→ **Exercise brief**: Your output must be the lines below from the line containing "Destellos dst-139503" to the line containing "Hiển thị giá", both lines included, reproduced exactly and without pictures.

→ **Input data**:

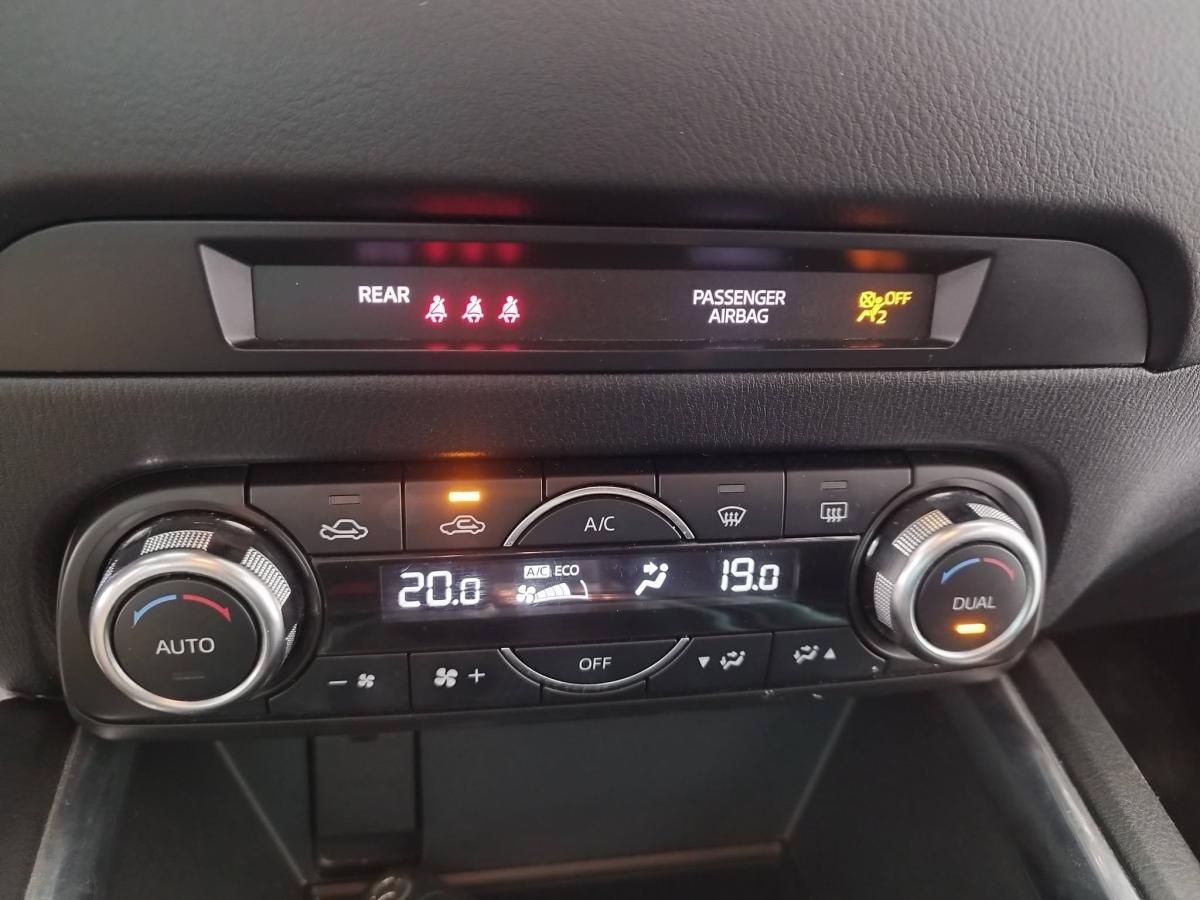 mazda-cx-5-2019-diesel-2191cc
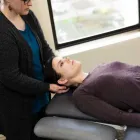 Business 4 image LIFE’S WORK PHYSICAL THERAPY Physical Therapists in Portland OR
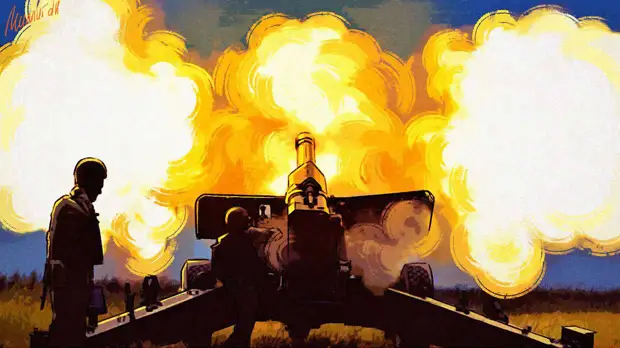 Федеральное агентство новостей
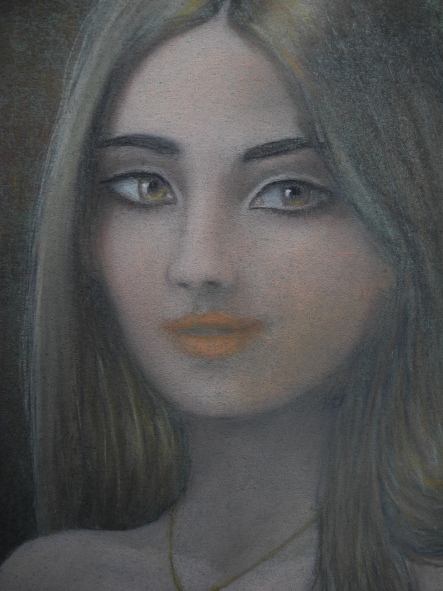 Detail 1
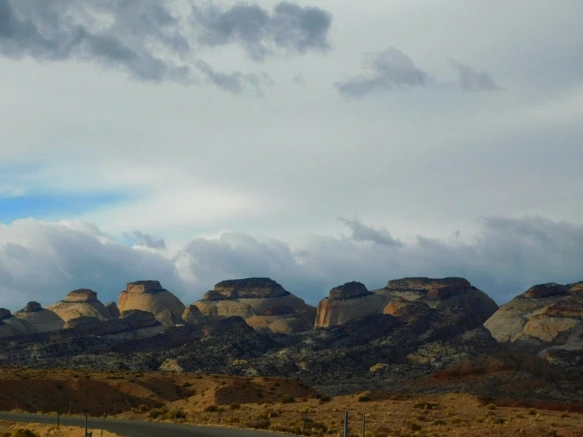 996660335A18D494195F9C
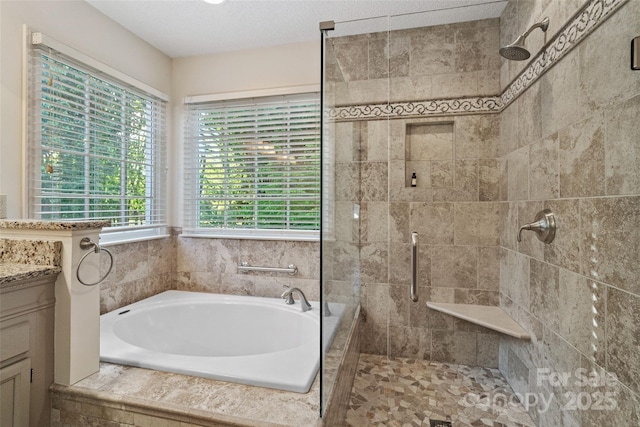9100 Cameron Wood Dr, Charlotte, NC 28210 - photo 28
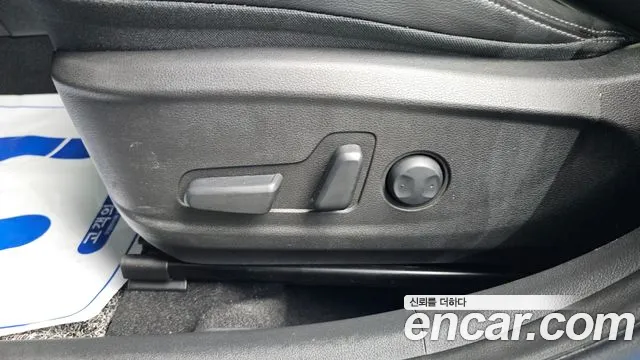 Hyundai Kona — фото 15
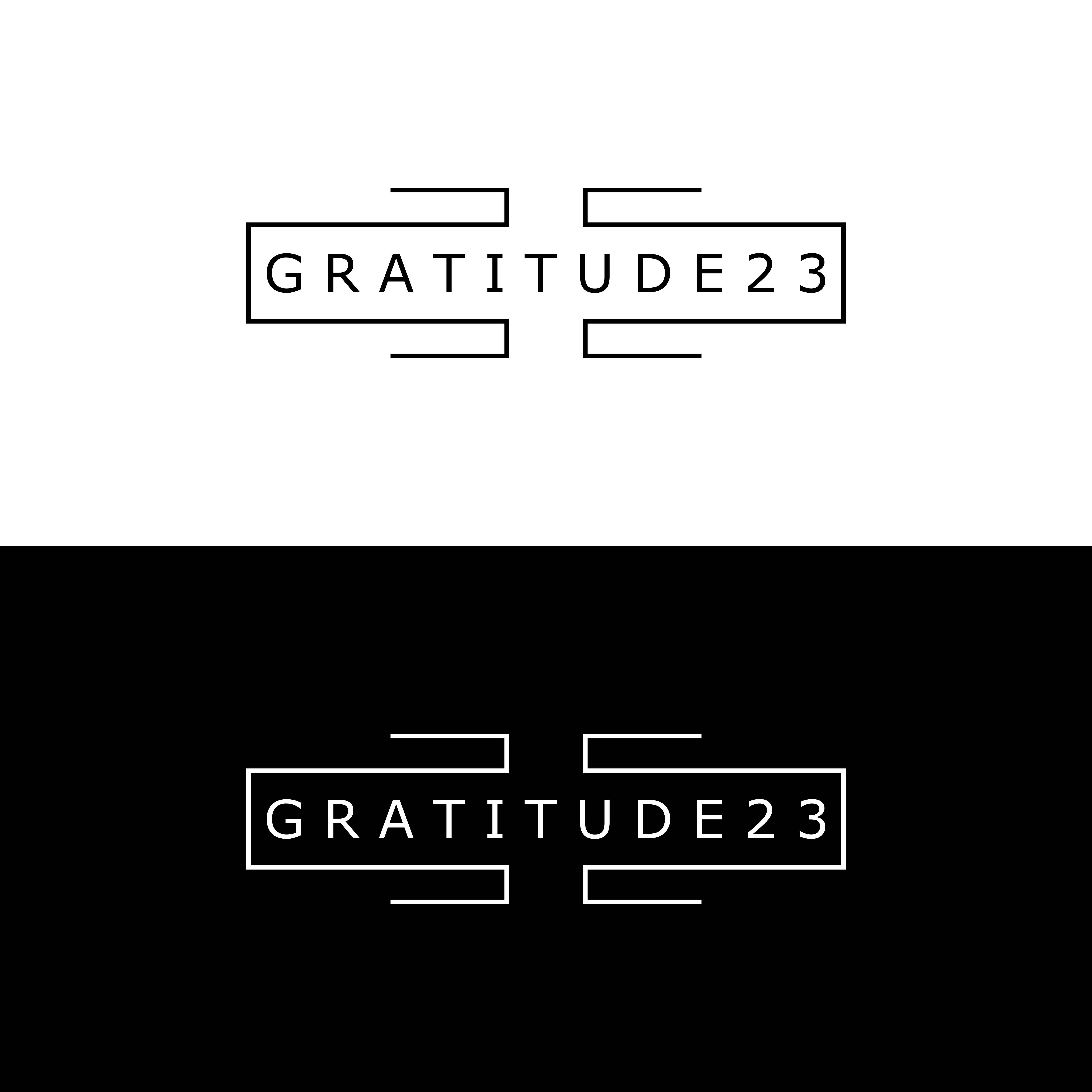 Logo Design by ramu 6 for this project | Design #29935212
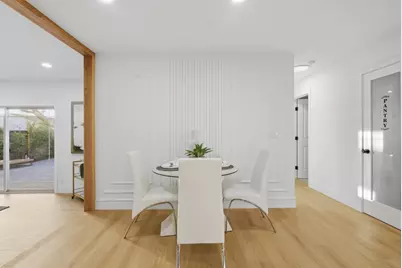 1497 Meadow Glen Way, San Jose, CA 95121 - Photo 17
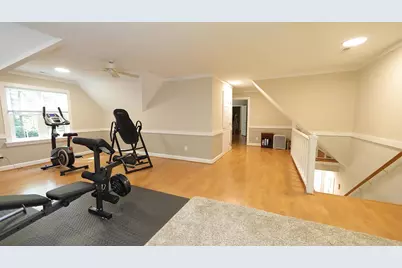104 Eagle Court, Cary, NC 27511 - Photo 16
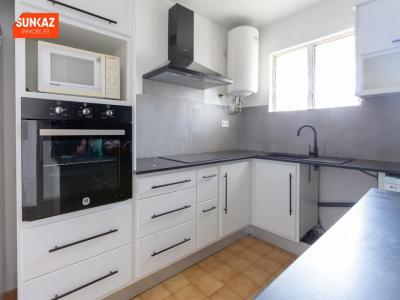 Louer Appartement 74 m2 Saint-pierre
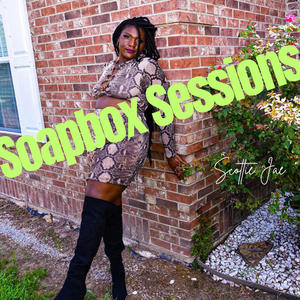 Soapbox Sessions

* * *

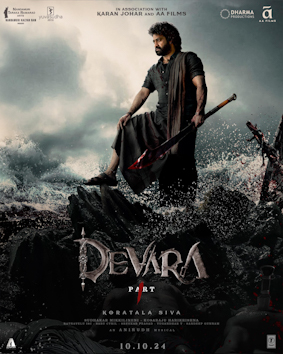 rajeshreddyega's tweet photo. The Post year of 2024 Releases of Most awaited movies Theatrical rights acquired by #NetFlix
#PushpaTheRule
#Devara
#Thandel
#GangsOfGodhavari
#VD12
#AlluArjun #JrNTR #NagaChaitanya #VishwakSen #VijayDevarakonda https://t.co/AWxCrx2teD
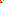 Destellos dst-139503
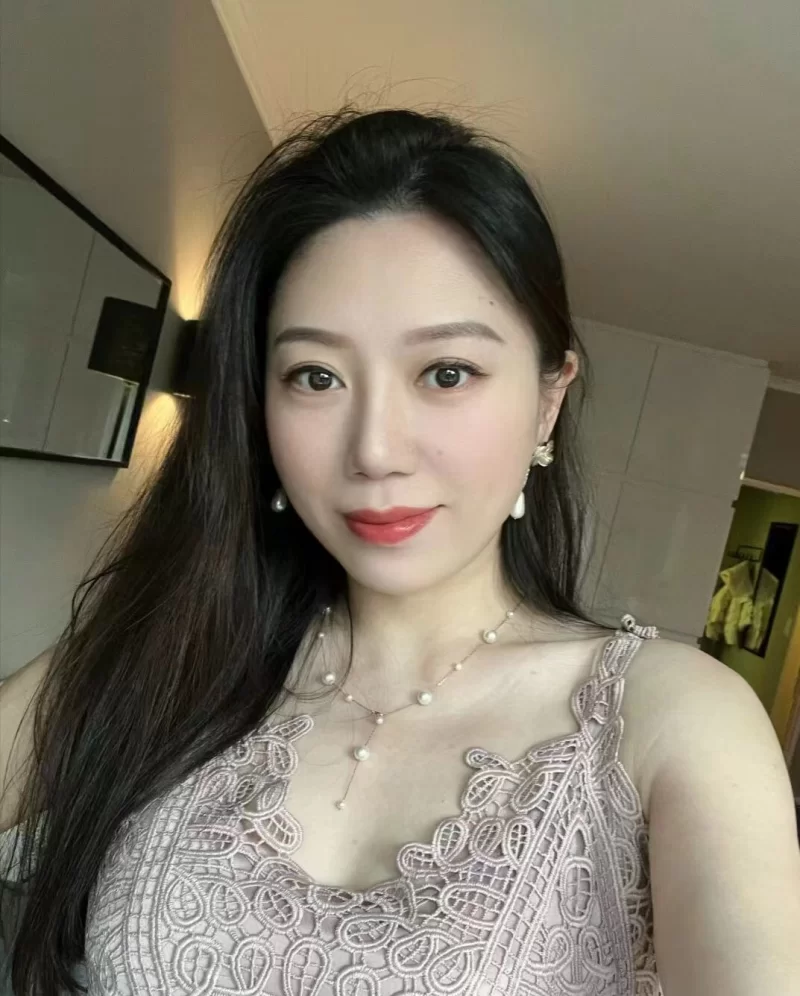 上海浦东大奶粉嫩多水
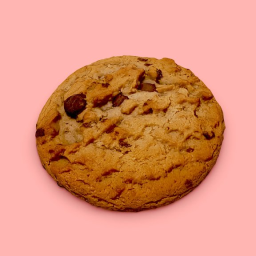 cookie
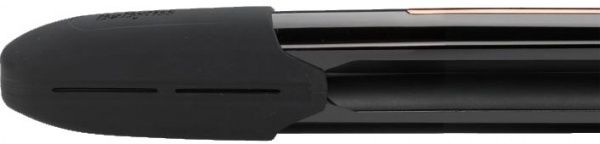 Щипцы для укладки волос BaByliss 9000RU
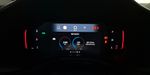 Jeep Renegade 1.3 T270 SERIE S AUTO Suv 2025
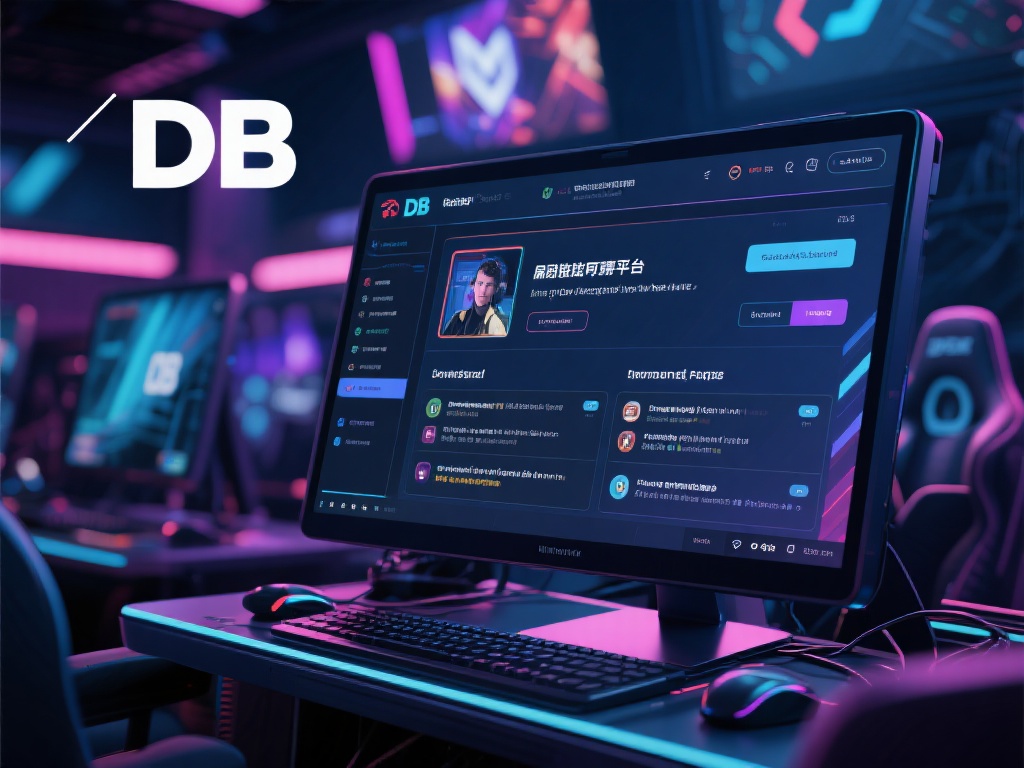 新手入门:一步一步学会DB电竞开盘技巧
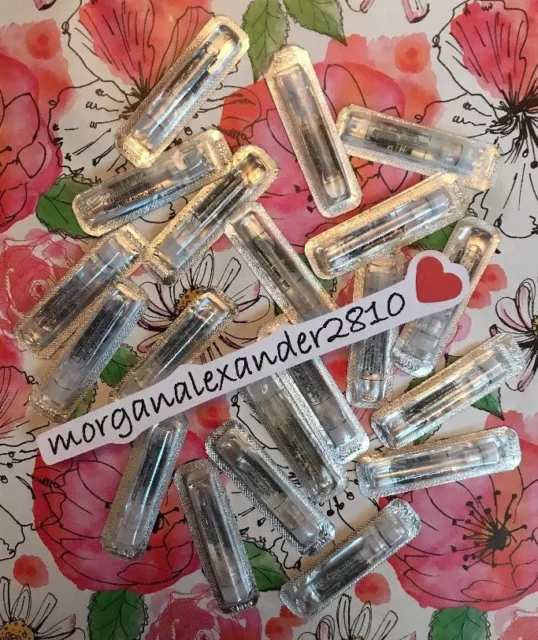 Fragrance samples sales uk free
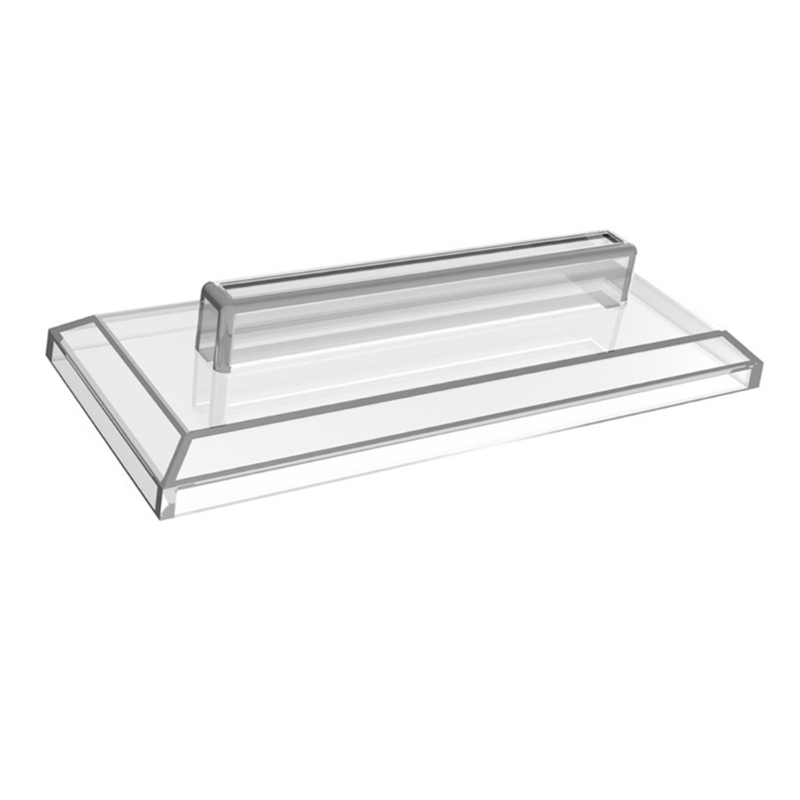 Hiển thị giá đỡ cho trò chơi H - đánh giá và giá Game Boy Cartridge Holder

--

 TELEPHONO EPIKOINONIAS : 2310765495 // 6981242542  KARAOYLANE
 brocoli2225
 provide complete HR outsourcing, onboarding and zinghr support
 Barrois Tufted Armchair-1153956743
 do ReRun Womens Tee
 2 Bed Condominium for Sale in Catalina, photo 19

→ **Solved problem**:
 Destellos dst-139503
 上海浦东大奶粉嫩多水
 cookie
 Щипцы для укладки волос BaByliss 9000RU
 Jeep Renegade 1.3 T270 SERIE S AUTO Suv 2025
 新手入门:一步一步学会DB电竞开盘技巧
 Fragrance samples sales uk free
 Hiển thị giá đỡ cho trò chơi H - đánh giá và giá Game Boy Cartridge Holder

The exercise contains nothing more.